What care robots cannot do, the honest evidence: A 2021 study of home care professionals in Japan found "mixed to negative views on care robots", with "malfunctioning" the most frequently reported issue. The economic case for humanoid caregivers is not yet compelling: the AIREC humanoid prototype is projected to cost $67,000, equivalent to 37 months of an experienced care worker's salary. Studies suggest care robots can actually increase caregiver workloads due to maintenance, monitoring, and troubleshooting. The most careful analysis (a March 2026 retrospective on Japan's 20 years of care robotics) concludes bluntly: these robots are not substitutes for human connection. "They work best as a complement to it, filling the hours when no one else is there, providing something warm and responsive in a quiet room."

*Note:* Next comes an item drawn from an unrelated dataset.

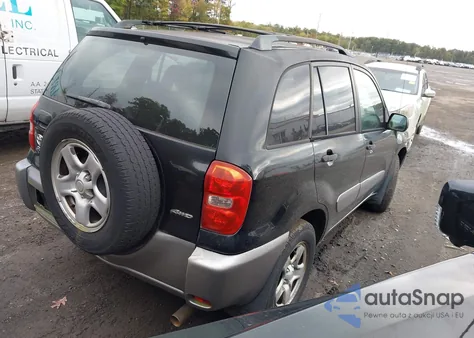2004 Toyota Rav4 from USA, damaged, VIN JTEHD20VX46006272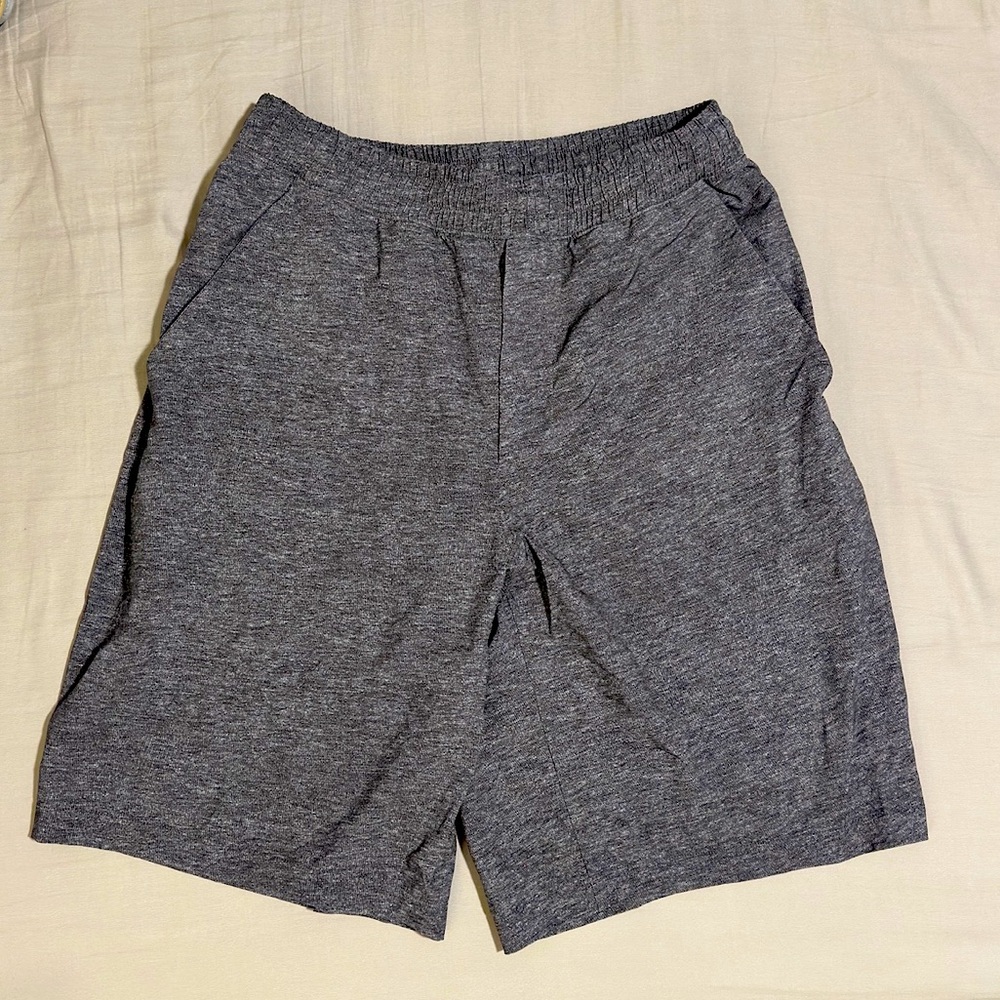 Lululemon Gray Shorts with Liner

The dignity question, where theology and engineering intersect: The Japanese Moonshot program designing AIREC explicitly includes "dignity preservation" and "maintaining patient autonomy and self-respect" as design requirements, not because engineers believe machines can guarantee dignity, but because they recognize that deploying care robots without this commitment risks treating elderly people as objects of technical management rather than subjects of relational care. The ethical consideration is not hypothetical: an elderly person with dementia who receives only robot interaction, rather than robot interaction as supplement to human presence, experiences a different and arguably lesser quality of care. The question for policy is who decides when cost constraints make robot-only care acceptable, and whose dignity is being traded off.
The civilizational scale question: The World Health Organization projects that by 2030, one in six people globally will be over 60. There is no scenario in which traditional human-intensive care models scale to this demographic transition without either bankrupting governments or abandoning most elderly people to inadequate care. AI and robotic caregiving is not an optional luxury, it is a structural requirement of the demographic reality. The choice is between deploying it thoughtfully, with genuine attention to dignity, relational quality, and the preservation of human connection where it is irreplaceable, or deploying it as a cost-cutting measure that treats elderly people as a problem to be managed efficiently. That choice is political and ethical before it is technical.
AI caregiving is necessary, beneficial for specific applications, and insufficient as a human replacement. The most honest framing: it is the difference between an elderly person with dementia spending their day alone versus spending it with a warm, responsive companion, Hyodol cannot replace a grandchild, but a grandchild is not available 24 hours a day. For a Christian organization that takes seriously both the reality of resource constraints and the call to honor the dignity of every person, including the most vulnerable, the honest engagement is not "should we use AI caregiving?" but "how do we deploy it in ways that genuinely serve the dignity and flourishing of elderly people, rather than substituting for the human presence they actually need?"